Pemerintah pun mendorong pelaku UMKM untuk mulai memanfaatkan teknologi digital dalam pengembangan bisnisnya. Menurut Menteri Koperasi dan UKM Teten Masduki, 19 juta UMKM masuk ke ekosistem digital hingga Mei 2022. Jumlah ini masih kurang 11 juta dari target 30 juta UMKM go digital di 2024.
Dia menjelaskan, sebanyak 86 persen dari total pelaku UMKM bergantung pada internet untuk menjalankan usahanya, dan 73 persennya juga telah memiliki e-commerce sebagai sarana jual beli. Sedangkan 82 persen lainnya telah mengimplementasikan media sosial untuk mempromosikan produknya.

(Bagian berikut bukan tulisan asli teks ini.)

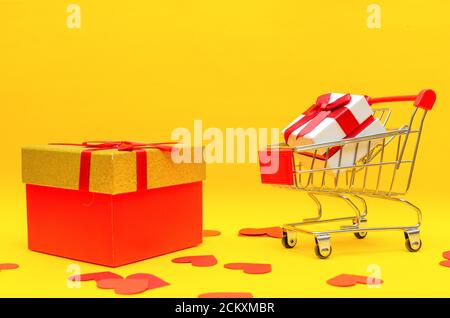 boîte cadeau dans le panier et grande boîte cadeau sur fond jaune à côté des coeurs rouges, espace de copie. Concept de cadeau, Saint-Valentin, vacances Banque D'Images
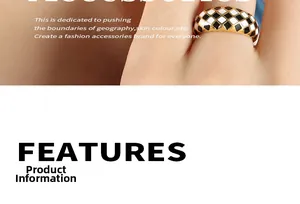 Detail view of gold-plated checkered ring with black and white enamel heart design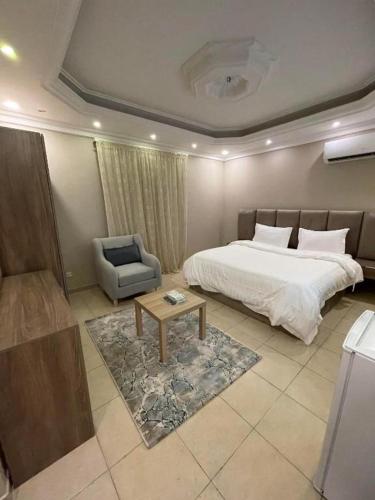 a bedroom with a bed and a chair and a table at ليالي البندقية in Al Khobar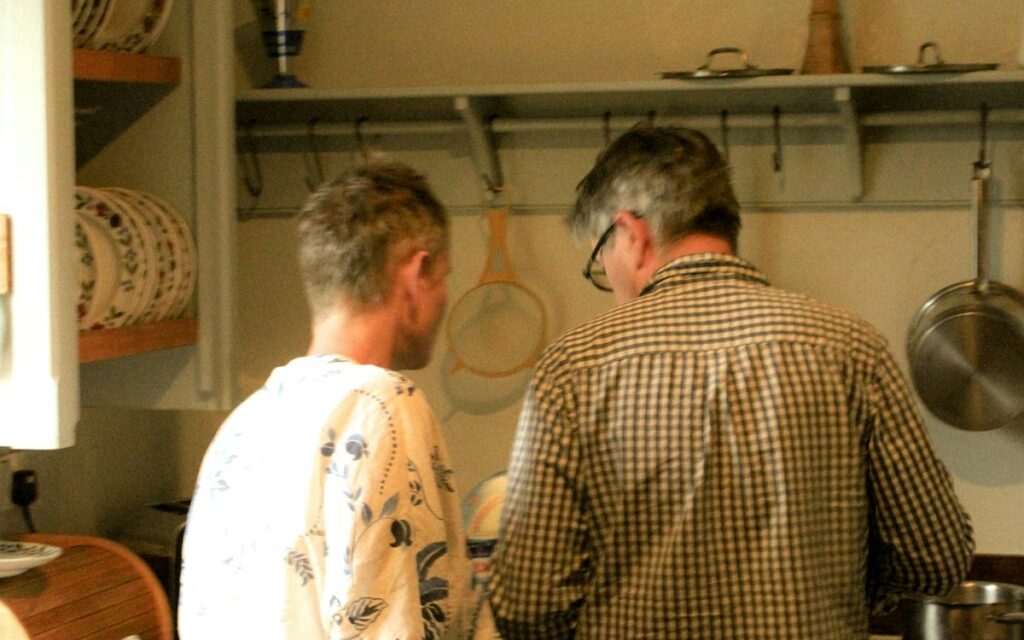 Two housemates cooking in a shared kitchen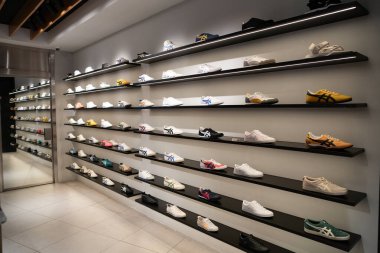 KUALA LUMPUR, MALAYSIA - 15 Mart 2023: Kuala Lumpur 'daki Suria KLCC alışveriş merkezindeki Onitsuka Tiger mağazasının iç çekimi.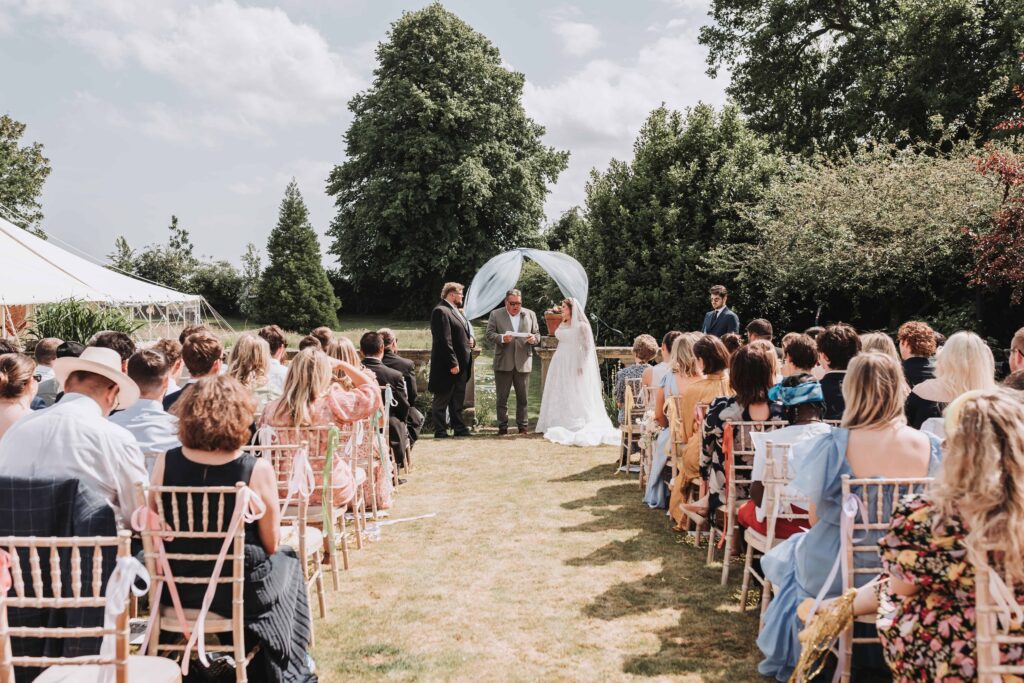 father of the bride reading a poem at the top of the aisle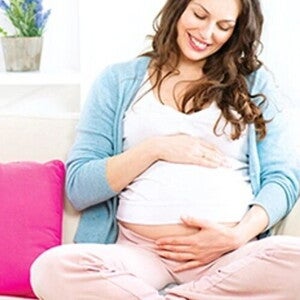 Imagen de una madre soltera cariñosamente tocando su barriga durante el embarazo Imagen de una madre soltera cariñosamente tocando su barriga durante el embarazo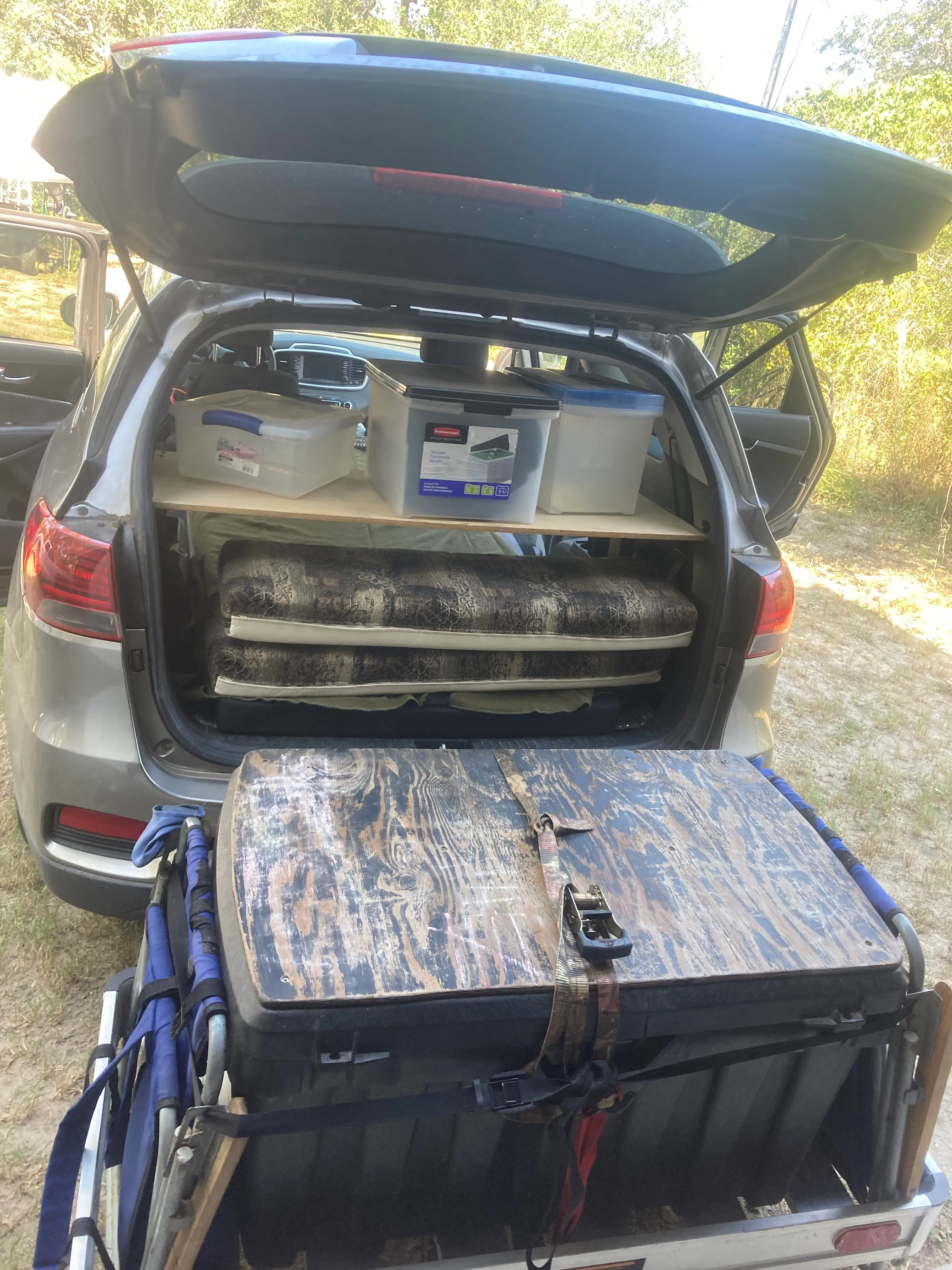 Running gear and burners go in the outside box — food always stays in the car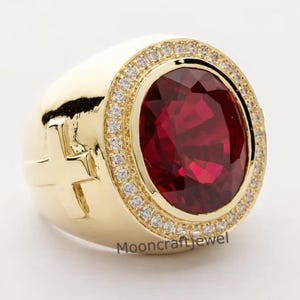 Könnte beinhalten: Ein goldfarbener Ring mit einem großen, ovalen, tiefroten Edelstein in der Mitte, umgeben von kleineren, klaren Steinen. Der Ring hat ein Kreuz-Design an der Seite und der Text "Mooncraftjewel" ist sichtbar.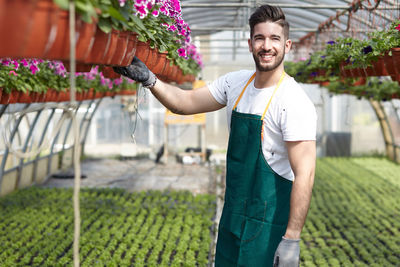 Full length of man standing in greenhouse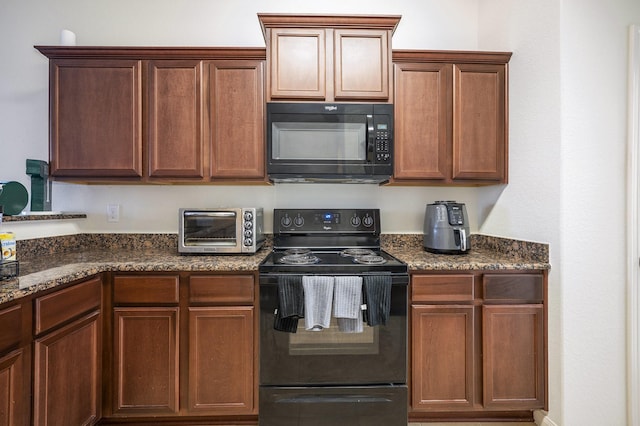 kitchen with black appliances and dark stone countertops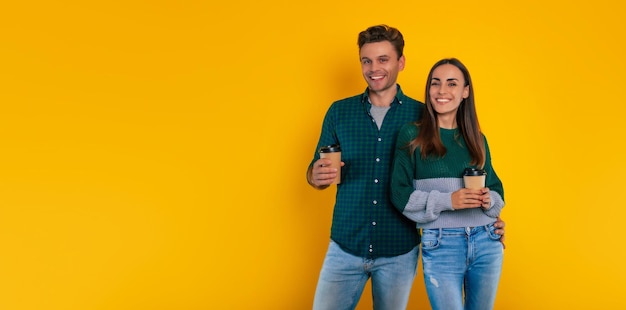 Heureux charmant jeune couple avec des tasses de café ou de thé dans les mains portant des vêtements décontractés, s'embrassant et riant ensemble tout en s'isolant sur fond jaune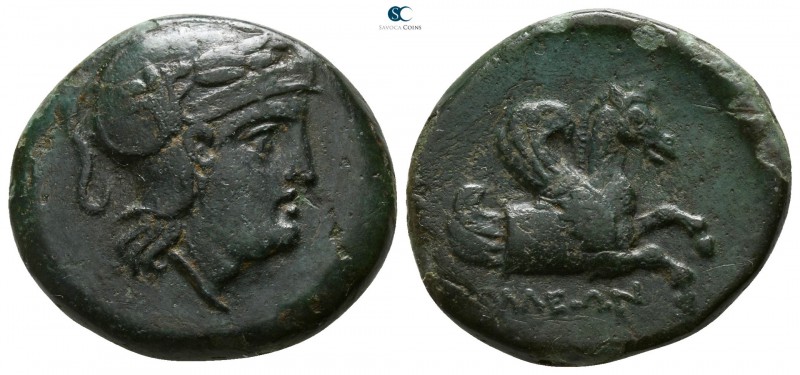 Mysia. Iolla circa 400 BC. 
Bronze Æ

18mm., 6,68g.

Helmeted and laureate ...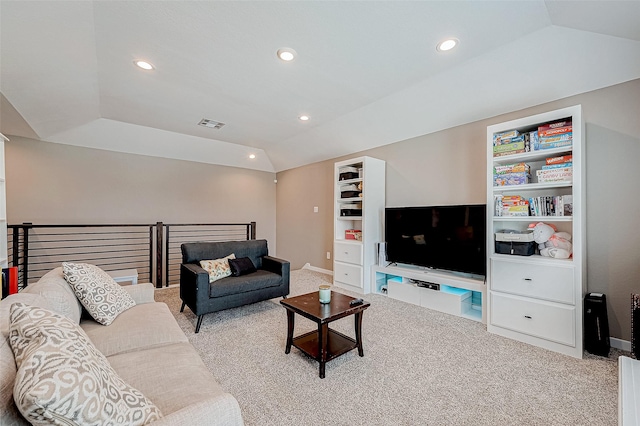 carpeted living room with lofted ceiling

Ina sebagai pelaku UMKM, menilai pemerintah cukup hadir memberikan bantuan untuk mendorong UMKM memanfaatkan teknologi digital. “Banyak kelas-kelas belajar digital yang difasilitasi untuk UMKM. Harapannya, karena teknologi digital suatu keniscayaan, sebaiknya kelas-kelas untuk melatih dari tingkat dasar hingga mahir memanfaatkan teknologi terus berkembang,” harapnya.
Untuk mendorong UMKM memanfaatkan teknologi digital, menurut Ina, kalangan perbankan bisa turun tangan. Pihak perbankan menurut Ina, juga bisa mengajak pelaku usaha memanfaatkan pembayaran nontunai, yang bisa dipakai saat transaksi.
Salah satu bank nasional, Bank Rakyat Indonesia (BRI) menilai sektor UMKM dan ultramikro khususnya, memainkan peran penting dalam menggerakkan ekonomi. Direktur Bisnis Mikro BRI, Supari, mengatakan, BRI menjadi salah satu bank yang menggarap sektor ini secara konsisten dan kuat.
“Kontribusi sektor ultra mikro terhadap kinerja BRI secara keseluruhan pun signifikan. BRI pun memadukan digitalisasi dengan sektor ultra mikro sehingga menjadi lebih berdaya dan tangguh,” kata Supari dalam wawancara dengan Republika beberapa waktu lalu.
BRI menurut Supari berupaya memaksimalkan digitalisasi UMKM. Inovasi yang terbaru, BRI memiliki aplikasi Pasar Rakyat Indonesia (PARI). Selayaknya marketplace lain, PARI berfungsi menjadi tempat jual-beli komoditas secara daring.
“Banyak komoditas diperjualbelikan pada aplikasi PARI terutama pertanian dan peternakan. Mulai dari beras, jagung, aneka sayur, telur, hingga pakan ternak. Adapun aplikasi ini khusus diperuntukkan nasabah BRI,” tuturnya.
Dengan aplikasi ini mereka terbantu dalam memasarkan dan mengembangkan usahanya. PARI juga memberi kemudahan berupa dana talangan bila mereka kekurangan modal. Dana talangan ini menurutnya tidak ada bunga dan jaminan.
BRI, jelas Supari, mengambil upaya untuk mengentaskan kelompok usaha segmen ultramikro dari permasalahan tersebut. Adapun langkah membebaskan saja sudah menjadi nilai penting dalam proses membangun ketangguhan UMKM.
Terbukanya akses pembiayaan bagi usaha ‘si kecil’ ultramikro menurutnya akan memberikan fleksibilitas dan daya adaptasi yang baik bagi pengembangan usaha. Di samping itu, mendekatkan jangkauan inklusi keuangan pada kelompok ini dapat membuka ruang tumbuh usaha menjadi lebih luas sehingga saving capacity pun ikut meningkat.
“Target kita, pelaku usaha ultramikro naik kelas, ekonomi Indonesia dapat terakselerasi dengan optimal. Hal ini sejalan dengan potensi sektor ultramikro tersebut dalam lanskap UMKM di Indonesia,” tegas Supari.
Menurut Mia, sebagai pelaku usaha, apa yang dilakukan pemerintah untuk mendorong para pelaku UMKM menggunakan teknologi digital untuk mendukung pengembangan bisnis sudah bagus.
“Yang dilakukan pemerintah sudah signifikan, tinggal sekarang bagaimana memperluas jaringan. Pemerintah perlu terus melakukan blusukan masuk ke dalam para pelaku UMKM yang memang sebagian besar itu adalah ibu-ibu yang sederhana yang mungkin masih gagap untuk menggunakan teknologi digital ini. Tetapi kalau mereka dilatih insya Allah bisa, karena memang digital platform ini sangat membantu pengembangan UMKM,” tegasnya.